Orange Pi

I haven’t had much time to look at this recently. It’s not stalled or in the “Too hard” basket.

Today besides shifting my source tree in a way that will probably bite me later I found out about a useful tool in linux that I didn’t know about. readelf.
Looking at the object files I think the reason why DDE’s Link chokes is because not all the generated objects have the same .bss alignment.
I’m not totally sure how to fix that during compile, as opposed to link time. There’s probably some #pragma that I don’t know about.
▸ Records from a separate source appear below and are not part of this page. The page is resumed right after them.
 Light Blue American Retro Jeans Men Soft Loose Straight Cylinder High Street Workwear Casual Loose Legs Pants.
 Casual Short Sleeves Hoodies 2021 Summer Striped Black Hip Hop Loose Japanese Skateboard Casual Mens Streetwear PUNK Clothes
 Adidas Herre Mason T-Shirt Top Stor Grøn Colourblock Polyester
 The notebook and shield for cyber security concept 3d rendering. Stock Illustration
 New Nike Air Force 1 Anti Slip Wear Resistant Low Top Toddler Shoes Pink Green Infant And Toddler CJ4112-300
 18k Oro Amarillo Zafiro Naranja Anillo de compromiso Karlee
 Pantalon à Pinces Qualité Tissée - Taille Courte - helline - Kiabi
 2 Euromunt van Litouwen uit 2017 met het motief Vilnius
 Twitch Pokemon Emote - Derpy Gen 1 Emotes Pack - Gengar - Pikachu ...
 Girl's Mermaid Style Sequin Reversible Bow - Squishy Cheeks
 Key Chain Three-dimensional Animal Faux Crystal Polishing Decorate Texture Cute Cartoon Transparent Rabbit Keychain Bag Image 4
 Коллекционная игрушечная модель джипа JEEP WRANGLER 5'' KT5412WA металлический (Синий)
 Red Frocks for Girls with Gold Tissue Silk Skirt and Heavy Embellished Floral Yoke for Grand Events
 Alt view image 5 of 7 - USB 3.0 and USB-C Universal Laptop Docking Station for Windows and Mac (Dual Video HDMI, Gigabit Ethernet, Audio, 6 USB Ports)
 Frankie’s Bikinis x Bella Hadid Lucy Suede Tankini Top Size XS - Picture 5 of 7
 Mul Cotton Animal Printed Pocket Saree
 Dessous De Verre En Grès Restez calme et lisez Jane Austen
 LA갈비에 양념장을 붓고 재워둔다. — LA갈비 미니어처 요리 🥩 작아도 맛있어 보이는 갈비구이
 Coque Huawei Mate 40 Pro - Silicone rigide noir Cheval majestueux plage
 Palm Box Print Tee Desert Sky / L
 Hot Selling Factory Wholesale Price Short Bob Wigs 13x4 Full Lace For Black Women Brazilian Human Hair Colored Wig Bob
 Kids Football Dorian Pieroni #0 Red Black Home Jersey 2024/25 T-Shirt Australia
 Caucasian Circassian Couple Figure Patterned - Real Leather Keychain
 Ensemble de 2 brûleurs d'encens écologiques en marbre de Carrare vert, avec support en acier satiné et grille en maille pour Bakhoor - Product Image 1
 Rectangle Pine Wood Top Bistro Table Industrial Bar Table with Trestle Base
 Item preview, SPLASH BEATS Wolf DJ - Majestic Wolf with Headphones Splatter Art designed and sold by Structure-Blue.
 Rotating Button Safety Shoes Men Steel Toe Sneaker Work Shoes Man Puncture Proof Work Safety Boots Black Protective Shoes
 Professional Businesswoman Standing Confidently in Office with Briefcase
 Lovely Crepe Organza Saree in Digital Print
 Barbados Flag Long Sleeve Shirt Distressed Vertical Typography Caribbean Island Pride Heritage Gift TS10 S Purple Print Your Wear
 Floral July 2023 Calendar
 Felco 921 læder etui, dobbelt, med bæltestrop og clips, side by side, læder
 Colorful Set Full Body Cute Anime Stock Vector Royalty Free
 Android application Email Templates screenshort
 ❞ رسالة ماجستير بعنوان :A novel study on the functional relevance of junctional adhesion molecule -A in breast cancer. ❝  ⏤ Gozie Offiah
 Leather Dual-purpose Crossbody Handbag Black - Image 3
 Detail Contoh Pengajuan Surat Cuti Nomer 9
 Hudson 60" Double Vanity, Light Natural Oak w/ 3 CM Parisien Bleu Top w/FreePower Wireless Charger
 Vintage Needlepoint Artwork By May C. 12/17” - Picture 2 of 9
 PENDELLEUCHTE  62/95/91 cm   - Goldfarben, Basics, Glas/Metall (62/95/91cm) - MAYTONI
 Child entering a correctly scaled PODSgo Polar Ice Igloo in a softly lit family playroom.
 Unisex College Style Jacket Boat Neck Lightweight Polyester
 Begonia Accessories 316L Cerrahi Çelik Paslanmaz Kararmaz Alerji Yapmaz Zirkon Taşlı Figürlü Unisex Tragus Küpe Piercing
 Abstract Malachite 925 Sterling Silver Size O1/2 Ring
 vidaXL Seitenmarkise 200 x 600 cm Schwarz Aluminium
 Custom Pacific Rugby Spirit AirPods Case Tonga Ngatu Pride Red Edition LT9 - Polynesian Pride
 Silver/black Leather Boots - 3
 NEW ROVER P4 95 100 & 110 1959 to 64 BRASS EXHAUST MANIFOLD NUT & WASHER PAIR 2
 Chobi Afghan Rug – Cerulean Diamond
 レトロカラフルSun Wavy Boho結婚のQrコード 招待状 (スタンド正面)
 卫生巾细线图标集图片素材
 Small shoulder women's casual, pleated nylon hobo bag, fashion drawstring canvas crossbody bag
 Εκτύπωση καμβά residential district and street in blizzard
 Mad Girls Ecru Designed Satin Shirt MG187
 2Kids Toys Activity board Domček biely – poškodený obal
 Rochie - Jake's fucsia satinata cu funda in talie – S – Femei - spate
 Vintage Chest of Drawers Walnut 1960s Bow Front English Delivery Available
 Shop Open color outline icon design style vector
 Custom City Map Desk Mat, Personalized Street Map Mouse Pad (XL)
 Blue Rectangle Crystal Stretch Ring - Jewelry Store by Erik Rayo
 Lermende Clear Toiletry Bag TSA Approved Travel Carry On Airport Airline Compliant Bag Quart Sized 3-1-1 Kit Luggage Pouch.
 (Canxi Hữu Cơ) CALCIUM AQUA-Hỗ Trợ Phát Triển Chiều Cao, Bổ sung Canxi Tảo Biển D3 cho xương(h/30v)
It may be possible to just throw a static int or something into the C files to force alignment uniformly to 4.

When I can work out these issues it should be pretty straightforward. My ld version looks good in disassembly. Things are more or less in the right order and everything is linking well.

Generally what I write for it works. There are exceptions. Hdr:System and Hdr:Proc cause macro errors. I can’t go much further without them I think?

Last night I had an idea. A fresh copy of the RPi source got downloaded and checked for sanity. It then had the minor changes to my OPi makefile applied to it.
The same GETs I’ve been having trouble with manifested in the same way. The problem seems to be with asasm. I know very little about it, so I’m guessing there are some syntactical differences with it’s core functionality?
I included a truncated dump. You don’t need to see all the warnings associated with using gcc. I confirmed they don’t make a difference to this anyway.

To avoid confusion, I have been working with a stripped down OMAP3 source tree. The BCM2835 tree is a part of a larger idea. I’m going to apply some of the concepts of what I have been doing to the BCM tree to ensure they function on a known good system. Doing this has already paid off it would seem.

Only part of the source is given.